Johnson, who left office in September 2022 amid a wave of scandal, was leading Britain when Russia invaded Ukraine in February and in subsequent weeks sought to position Britain as the Ukraine’s number one ally in the West.
“There is nothing to be lost by doubling down on the materiel, equipment that we are sending to Ukraine and there is nothing to fear in escalation, and the best thing for the world is to get this thing done, and done fast,” Johnson said in an interview as part of the Reuters Impact Arctic Warning series on the sidelines of the World Economic Forum (WEF) in Davos.
“That is the cheapest solution. It’s the solution that has the lowest cost in human life and suffering.”
Johnson was speaking at Ukraine House, an exhibition front on Davos’ main high street, where Ukraine’s high-level delegation has been drumming up support for the country as it nears the end of the first year of the war.
The former mayor of London was made an honorary citizen of Ukraine’s capital on Wednesday night by Kyiv’s mayor Vitali Klitschko in Davos.
Waving his residency card proudly, Johnson said it would be his “golden Oyster card” – a reference to the travelcard used in London – to one day return to the Ukrainian capital, although he had no immediate plans to go.
“I hope one day I will be able to use it,” he said, adding that he had great relations with Ukraine President Voldomyr Zelenskiy.
Johnson dismissed suggestions that his activism on Ukraine could be seen as undermining current British Prime Minister, Rishi Sunak, as he ramps up military support.
Britain this week said it would supply Ukraine with 14 Challenger 2 main battle tanks – the first modern Western tanks to be promised to Kyiv – and other heavy weaponry.
“I’m a humble backbencher and I’m backing my government which remains wholly supportive of Voldomyr Zelenskiy, and the Ukrainian people and where I can be useful is keeping the narrative up and reminding people,” he said.
Johnson, who was also prime minister when a deal was struck in Glasgow in 2021 to combat climate change, added that the war in Ukraine should not be used as an excuse to go back on pledges.

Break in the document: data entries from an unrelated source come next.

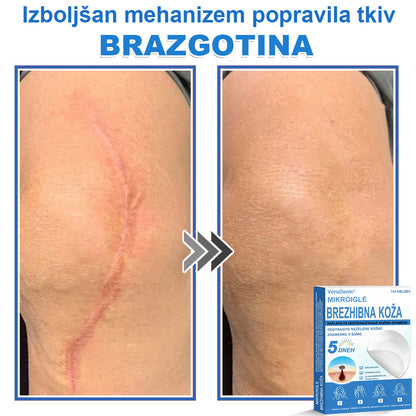 VeruDerm® 2 az 1-ben mikrotűs és hidrokolloid tapasz 🔥 | Kiemelkedő anyajegyek, pattanások, lapos szemölcsök és bőrkinövések ápolására ✅ | Segít javítani a ráncok, hegek és bőrhibák megjelenését ✨ | Láthatatlan pattanástapasz arcra és testre | 144 db 🌸🍇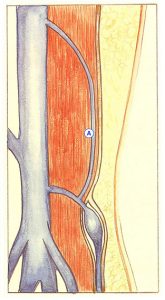 Figure 95. Tronc sous-aponévrotique parallèle à la peau (A).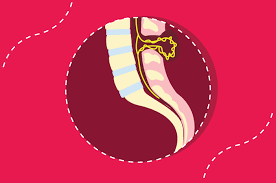 Tata laksana utama neural tube defect adalah pembedahan.pembedahan dapat dilakukan saat bayi masih di dalam kandungan atau setelah bayi lahir. Cara Pencegahan Spina Bifida Yang Perlu Diketahui Ibu Hamil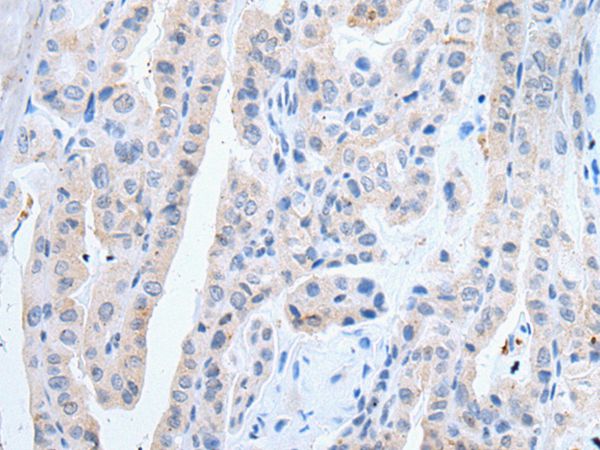 Anti-SLCO2B1 Antibody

“It was a big moment and then Ukraine happened and everybody panicked and thought we had we gone too far, too fast,” he said.

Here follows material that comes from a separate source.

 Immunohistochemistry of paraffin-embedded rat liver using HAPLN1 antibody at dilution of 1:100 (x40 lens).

Johnson said the world should not reverse course, but press ahead with new green technologies, such as wind and nuclear power, and that the results would eventually appear.
“You have to overcome people’s scepticism,” he said. “You have to show them that green agenda is going to bring their bills down and if we hadn’t put in the offshore wind in the United Kingdom the impact of what (Russian President Vladimir) Putin did would have been far worse.”

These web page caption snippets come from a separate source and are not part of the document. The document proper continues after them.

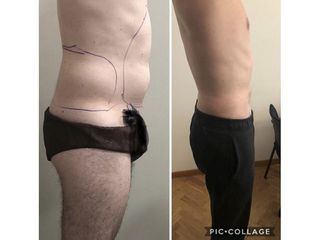 Liposcultura - Dottor Bazzano Dario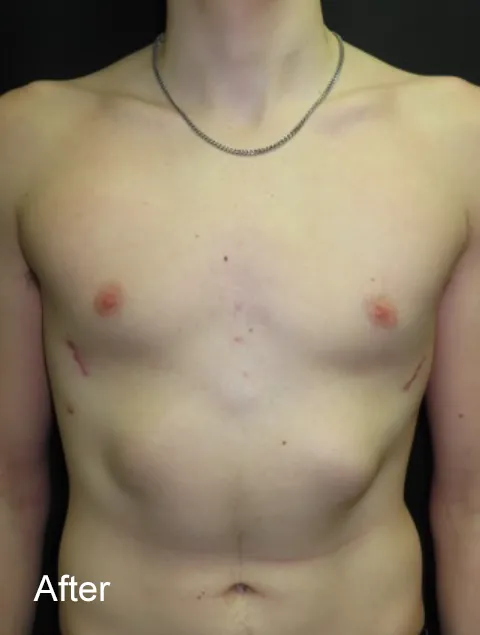 Oliver before Nuss procedure for severe pectus excavatum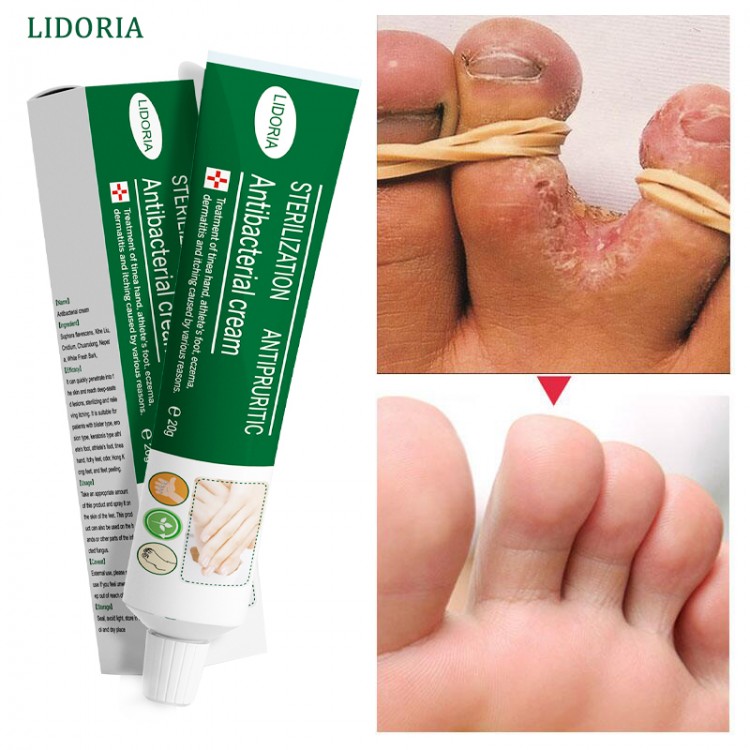 Foot Anti Bacterial Treatment Cream Herbal Remove Itching Soothe Eczema Dermatitis Ointment Anti-Fungal Nail Infection Feet Care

When asked whether one day he could see himself wandering the WEF again as British Prime Minister, Johnson remained diplomatic saying he was more than happy representing his constituents as a member of parliament.
“I’m having a very happy and productive time getting on representing Uxbridge and South Ruislip and doing some things I care about, amongst them Ukraine, which is very important,” he said with a wry smile.